◆ TASK GOAL ◆
Return, exactly and in full, the lines of the records below starting at the one with "値下 5個セット Family Guy MEZCO ファミリー・ガイ" and ending at the one with "Disney pixar cars", and no other lines.

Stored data
Start of Block

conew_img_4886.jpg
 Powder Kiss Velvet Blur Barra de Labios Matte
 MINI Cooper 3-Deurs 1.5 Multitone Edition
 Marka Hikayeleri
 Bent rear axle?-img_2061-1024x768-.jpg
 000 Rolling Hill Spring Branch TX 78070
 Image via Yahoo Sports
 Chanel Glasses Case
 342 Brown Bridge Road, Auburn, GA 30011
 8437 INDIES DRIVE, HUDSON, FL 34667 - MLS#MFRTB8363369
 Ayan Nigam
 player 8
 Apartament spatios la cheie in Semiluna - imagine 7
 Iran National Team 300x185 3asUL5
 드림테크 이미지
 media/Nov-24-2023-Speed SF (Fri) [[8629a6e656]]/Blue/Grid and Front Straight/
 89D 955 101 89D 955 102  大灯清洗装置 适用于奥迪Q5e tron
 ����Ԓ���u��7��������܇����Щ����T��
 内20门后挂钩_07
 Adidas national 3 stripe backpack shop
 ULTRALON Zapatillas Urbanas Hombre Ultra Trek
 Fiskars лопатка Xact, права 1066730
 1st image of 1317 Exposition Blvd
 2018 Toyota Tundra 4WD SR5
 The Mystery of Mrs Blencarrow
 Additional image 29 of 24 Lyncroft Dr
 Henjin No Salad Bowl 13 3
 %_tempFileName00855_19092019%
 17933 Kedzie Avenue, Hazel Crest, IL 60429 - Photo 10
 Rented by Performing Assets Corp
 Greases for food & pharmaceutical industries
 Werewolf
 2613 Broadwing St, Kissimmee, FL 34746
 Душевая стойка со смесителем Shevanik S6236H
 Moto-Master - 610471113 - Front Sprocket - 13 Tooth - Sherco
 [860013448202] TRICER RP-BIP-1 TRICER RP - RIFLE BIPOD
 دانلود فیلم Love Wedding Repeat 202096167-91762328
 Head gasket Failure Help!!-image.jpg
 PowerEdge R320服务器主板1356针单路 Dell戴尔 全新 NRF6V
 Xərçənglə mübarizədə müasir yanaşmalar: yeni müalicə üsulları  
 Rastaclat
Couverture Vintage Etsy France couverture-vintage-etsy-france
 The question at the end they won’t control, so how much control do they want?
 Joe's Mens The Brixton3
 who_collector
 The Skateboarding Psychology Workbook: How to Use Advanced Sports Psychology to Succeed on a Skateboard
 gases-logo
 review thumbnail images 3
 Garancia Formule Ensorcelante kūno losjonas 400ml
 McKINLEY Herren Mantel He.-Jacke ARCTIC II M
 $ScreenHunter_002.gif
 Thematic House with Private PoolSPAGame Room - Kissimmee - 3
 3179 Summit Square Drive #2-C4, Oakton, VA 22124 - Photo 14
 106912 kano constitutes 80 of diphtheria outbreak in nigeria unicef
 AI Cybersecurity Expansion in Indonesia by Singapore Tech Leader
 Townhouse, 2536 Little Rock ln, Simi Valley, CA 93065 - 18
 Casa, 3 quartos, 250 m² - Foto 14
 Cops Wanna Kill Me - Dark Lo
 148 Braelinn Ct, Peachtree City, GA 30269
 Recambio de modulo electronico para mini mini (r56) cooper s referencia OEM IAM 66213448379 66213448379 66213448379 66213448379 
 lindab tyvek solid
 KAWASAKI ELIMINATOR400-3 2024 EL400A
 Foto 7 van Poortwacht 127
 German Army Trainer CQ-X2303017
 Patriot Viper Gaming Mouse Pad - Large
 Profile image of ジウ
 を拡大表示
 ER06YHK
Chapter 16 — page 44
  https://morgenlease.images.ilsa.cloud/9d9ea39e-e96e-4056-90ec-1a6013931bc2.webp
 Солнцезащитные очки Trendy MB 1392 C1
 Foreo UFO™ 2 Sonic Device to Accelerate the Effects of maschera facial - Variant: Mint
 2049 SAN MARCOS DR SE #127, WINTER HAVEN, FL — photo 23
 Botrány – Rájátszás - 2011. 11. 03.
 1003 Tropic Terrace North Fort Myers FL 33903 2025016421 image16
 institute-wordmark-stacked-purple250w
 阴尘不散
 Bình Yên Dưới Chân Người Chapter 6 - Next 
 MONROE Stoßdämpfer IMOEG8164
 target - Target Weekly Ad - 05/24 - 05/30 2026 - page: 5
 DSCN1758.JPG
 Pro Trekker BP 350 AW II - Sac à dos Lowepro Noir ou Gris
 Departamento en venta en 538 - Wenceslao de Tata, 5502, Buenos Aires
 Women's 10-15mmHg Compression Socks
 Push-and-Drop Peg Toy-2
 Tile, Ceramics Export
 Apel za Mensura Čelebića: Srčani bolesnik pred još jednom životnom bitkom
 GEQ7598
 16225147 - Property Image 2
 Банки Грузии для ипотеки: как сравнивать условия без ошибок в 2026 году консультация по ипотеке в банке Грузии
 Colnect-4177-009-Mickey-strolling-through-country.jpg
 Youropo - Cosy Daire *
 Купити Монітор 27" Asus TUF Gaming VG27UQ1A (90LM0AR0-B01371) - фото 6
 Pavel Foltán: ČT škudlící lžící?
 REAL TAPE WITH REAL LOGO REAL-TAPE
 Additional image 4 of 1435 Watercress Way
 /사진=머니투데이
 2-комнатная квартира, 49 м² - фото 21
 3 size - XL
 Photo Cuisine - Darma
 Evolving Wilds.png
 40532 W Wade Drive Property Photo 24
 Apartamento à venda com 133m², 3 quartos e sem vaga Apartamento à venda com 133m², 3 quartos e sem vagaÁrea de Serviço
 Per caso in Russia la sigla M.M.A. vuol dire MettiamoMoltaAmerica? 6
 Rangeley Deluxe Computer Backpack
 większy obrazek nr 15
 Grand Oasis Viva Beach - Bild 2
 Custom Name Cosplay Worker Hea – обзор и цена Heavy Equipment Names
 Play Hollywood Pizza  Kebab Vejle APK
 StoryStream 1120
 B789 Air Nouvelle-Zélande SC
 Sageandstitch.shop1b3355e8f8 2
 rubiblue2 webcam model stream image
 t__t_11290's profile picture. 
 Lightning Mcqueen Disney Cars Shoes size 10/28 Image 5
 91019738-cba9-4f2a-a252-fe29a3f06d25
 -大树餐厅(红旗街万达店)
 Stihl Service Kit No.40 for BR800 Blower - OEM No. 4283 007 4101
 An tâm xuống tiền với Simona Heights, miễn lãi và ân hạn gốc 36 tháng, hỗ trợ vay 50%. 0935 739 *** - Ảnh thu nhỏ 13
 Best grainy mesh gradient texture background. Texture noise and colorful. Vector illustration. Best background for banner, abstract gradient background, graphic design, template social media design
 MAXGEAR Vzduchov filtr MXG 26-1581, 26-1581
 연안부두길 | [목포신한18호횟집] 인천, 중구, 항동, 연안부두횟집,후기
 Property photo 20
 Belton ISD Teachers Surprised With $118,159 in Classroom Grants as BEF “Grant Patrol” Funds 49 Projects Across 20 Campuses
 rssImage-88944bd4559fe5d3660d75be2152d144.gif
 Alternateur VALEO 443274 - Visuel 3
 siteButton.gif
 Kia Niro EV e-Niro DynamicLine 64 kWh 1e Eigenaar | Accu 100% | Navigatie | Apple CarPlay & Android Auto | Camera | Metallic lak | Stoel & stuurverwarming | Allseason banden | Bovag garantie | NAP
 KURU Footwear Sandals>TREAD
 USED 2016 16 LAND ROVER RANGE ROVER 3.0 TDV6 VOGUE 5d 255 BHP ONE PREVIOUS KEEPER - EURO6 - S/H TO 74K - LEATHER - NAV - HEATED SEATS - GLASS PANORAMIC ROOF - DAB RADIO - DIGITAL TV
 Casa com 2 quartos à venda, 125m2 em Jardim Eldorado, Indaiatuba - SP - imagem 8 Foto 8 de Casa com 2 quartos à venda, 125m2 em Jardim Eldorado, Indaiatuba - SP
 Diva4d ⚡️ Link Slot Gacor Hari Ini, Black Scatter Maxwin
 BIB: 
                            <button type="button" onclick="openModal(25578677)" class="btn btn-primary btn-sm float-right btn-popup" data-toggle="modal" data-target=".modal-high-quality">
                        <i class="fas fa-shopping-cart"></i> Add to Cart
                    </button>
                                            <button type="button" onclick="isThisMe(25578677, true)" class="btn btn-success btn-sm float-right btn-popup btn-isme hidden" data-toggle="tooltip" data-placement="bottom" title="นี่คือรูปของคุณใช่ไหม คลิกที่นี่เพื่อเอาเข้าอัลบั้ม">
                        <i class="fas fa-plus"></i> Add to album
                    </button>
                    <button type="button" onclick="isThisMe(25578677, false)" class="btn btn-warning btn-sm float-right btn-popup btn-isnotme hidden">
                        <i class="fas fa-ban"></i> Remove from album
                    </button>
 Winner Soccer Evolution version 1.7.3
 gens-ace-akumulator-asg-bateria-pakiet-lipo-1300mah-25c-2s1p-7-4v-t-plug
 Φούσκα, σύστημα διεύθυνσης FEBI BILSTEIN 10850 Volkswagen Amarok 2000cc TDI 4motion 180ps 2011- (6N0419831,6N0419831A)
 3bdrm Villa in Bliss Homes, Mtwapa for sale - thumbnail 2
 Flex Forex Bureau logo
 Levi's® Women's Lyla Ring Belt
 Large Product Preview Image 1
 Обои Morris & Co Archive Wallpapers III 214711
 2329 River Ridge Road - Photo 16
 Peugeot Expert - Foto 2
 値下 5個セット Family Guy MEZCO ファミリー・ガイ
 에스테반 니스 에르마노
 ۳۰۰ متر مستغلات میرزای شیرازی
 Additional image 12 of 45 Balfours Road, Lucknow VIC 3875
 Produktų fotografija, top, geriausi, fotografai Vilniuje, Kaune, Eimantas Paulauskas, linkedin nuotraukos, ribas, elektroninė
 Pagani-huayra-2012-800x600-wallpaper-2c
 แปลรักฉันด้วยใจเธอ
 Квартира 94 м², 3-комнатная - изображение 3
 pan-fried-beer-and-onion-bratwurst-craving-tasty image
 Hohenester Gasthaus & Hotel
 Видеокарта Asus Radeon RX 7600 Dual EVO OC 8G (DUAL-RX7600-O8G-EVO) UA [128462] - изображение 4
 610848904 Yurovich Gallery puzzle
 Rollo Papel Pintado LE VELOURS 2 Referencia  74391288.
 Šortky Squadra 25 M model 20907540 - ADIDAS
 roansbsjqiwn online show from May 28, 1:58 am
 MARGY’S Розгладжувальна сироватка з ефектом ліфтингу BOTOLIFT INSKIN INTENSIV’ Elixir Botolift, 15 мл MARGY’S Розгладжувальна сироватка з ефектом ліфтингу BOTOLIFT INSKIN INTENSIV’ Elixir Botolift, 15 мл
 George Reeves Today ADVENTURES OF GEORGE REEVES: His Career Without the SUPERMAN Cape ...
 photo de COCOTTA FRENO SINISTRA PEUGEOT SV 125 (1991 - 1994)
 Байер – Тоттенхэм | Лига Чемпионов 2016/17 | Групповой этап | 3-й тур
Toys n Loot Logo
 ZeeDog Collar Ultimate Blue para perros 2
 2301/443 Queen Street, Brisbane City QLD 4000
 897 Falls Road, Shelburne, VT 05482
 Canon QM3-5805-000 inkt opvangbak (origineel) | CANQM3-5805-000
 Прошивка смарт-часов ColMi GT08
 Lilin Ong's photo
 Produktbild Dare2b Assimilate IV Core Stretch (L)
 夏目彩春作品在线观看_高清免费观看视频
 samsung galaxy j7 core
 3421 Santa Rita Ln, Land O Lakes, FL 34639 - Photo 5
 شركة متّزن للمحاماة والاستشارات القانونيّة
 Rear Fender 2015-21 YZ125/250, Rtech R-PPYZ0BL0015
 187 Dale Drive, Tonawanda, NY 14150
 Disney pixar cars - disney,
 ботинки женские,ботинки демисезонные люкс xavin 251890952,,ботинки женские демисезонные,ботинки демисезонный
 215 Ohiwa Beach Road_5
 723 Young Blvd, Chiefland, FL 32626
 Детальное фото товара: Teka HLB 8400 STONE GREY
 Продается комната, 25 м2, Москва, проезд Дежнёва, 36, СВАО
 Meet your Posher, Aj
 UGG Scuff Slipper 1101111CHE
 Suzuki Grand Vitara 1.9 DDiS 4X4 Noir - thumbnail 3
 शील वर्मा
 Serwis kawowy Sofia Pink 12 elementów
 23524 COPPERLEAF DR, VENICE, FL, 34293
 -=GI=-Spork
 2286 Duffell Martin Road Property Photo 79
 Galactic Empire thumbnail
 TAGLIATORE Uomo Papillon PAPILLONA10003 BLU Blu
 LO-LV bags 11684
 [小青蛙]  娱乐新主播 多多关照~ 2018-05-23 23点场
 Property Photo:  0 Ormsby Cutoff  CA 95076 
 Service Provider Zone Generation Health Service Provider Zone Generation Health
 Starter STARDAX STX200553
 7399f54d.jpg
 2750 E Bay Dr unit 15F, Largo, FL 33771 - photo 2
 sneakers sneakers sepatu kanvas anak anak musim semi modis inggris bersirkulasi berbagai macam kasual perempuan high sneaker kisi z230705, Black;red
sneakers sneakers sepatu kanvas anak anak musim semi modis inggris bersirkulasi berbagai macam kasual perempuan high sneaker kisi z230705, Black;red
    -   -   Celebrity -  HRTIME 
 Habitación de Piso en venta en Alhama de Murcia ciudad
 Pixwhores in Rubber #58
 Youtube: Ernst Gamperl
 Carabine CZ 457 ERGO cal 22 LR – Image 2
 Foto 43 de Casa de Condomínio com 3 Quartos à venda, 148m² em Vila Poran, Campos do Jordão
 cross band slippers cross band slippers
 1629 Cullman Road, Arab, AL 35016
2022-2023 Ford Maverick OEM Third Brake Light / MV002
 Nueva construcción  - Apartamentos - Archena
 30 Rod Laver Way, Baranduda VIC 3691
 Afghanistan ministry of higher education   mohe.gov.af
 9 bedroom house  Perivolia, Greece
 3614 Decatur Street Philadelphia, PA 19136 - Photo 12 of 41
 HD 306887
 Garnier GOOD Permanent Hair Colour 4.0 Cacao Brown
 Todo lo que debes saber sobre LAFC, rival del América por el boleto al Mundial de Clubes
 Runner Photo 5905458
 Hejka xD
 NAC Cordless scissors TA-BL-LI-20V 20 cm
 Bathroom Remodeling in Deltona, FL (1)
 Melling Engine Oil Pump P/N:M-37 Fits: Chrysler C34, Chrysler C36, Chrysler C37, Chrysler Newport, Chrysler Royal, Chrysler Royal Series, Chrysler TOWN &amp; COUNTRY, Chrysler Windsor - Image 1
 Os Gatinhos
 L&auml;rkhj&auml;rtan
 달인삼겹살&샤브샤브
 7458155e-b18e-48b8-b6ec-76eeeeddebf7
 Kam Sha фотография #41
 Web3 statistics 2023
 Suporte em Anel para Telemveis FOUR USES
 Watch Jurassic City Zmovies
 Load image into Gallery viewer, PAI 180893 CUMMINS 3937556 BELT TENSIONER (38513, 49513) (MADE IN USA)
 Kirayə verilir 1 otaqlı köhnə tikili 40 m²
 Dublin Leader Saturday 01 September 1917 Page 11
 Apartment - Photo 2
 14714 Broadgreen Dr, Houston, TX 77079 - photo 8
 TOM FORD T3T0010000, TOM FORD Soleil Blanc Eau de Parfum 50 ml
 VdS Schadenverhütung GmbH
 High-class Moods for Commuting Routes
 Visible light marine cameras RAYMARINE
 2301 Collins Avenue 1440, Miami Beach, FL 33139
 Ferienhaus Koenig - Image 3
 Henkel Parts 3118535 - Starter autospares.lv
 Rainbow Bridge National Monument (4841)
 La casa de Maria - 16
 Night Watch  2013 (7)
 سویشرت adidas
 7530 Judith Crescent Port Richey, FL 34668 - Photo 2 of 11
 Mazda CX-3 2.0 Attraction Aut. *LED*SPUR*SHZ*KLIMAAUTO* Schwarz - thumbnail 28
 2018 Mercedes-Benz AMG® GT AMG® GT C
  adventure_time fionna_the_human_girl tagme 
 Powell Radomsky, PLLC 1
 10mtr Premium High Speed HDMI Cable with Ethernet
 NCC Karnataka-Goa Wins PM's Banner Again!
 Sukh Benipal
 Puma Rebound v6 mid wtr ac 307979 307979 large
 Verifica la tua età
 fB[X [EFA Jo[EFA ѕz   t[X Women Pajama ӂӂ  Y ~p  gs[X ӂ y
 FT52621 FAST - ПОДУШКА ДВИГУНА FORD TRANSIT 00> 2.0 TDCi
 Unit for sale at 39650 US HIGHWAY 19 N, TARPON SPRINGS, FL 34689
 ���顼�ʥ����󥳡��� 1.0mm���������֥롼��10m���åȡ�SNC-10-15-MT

End of Block

◆ RESULT ◆
 値下 5個セット Family Guy MEZCO ファミリー・ガイ
 에스테반 니스 에르마노
 ۳۰۰ متر مستغلات میرزای شیرازی
 Additional image 12 of 45 Balfours Road, Lucknow VIC 3875
 Produktų fotografija, top, geriausi, fotografai Vilniuje, Kaune, Eimantas Paulauskas, linkedin nuotraukos, ribas, elektroninė
 Pagani-huayra-2012-800x600-wallpaper-2c
 แปลรักฉันด้วยใจเธอ
 Квартира 94 м², 3-комнатная - изображение 3
 pan-fried-beer-and-onion-bratwurst-craving-tasty image
 Hohenester Gasthaus & Hotel
 Видеокарта Asus Radeon RX 7600 Dual EVO OC 8G (DUAL-RX7600-O8G-EVO) UA [128462] - изображение 4
 610848904 Yurovich Gallery puzzle
 Rollo Papel Pintado LE VELOURS 2 Referencia  74391288.
 Šortky Squadra 25 M model 20907540 - ADIDAS
 roansbsjqiwn online show from May 28, 1:58 am
 MARGY’S Розгладжувальна сироватка з ефектом ліфтингу BOTOLIFT INSKIN INTENSIV’ Elixir Botolift, 15 мл MARGY’S Розгладжувальна сироватка з ефектом ліфтингу BOTOLIFT INSKIN INTENSIV’ Elixir Botolift, 15 мл
 George Reeves Today ADVENTURES OF GEORGE REEVES: His Career Without the SUPERMAN Cape ...
 photo de COCOTTA FRENO SINISTRA PEUGEOT SV 125 (1991 - 1994)
 Байер – Тоттенхэм | Лига Чемпионов 2016/17 | Групповой этап | 3-й тур
Toys n Loot Logo
 ZeeDog Collar Ultimate Blue para perros 2
 2301/443 Queen Street, Brisbane City QLD 4000
 897 Falls Road, Shelburne, VT 05482
 Canon QM3-5805-000 inkt opvangbak (origineel) | CANQM3-5805-000
 Прошивка смарт-часов ColMi GT08
 Lilin Ong's photo
 Produktbild Dare2b Assimilate IV Core Stretch (L)
 夏目彩春作品在线观看_高清免费观看视频
 samsung galaxy j7 core
 3421 Santa Rita Ln, Land O Lakes, FL 34639 - Photo 5
 شركة متّزن للمحاماة والاستشارات القانونيّة
 Rear Fender 2015-21 YZ125/250, Rtech R-PPYZ0BL0015
 187 Dale Drive, Tonawanda, NY 14150
 Disney pixar cars - disney,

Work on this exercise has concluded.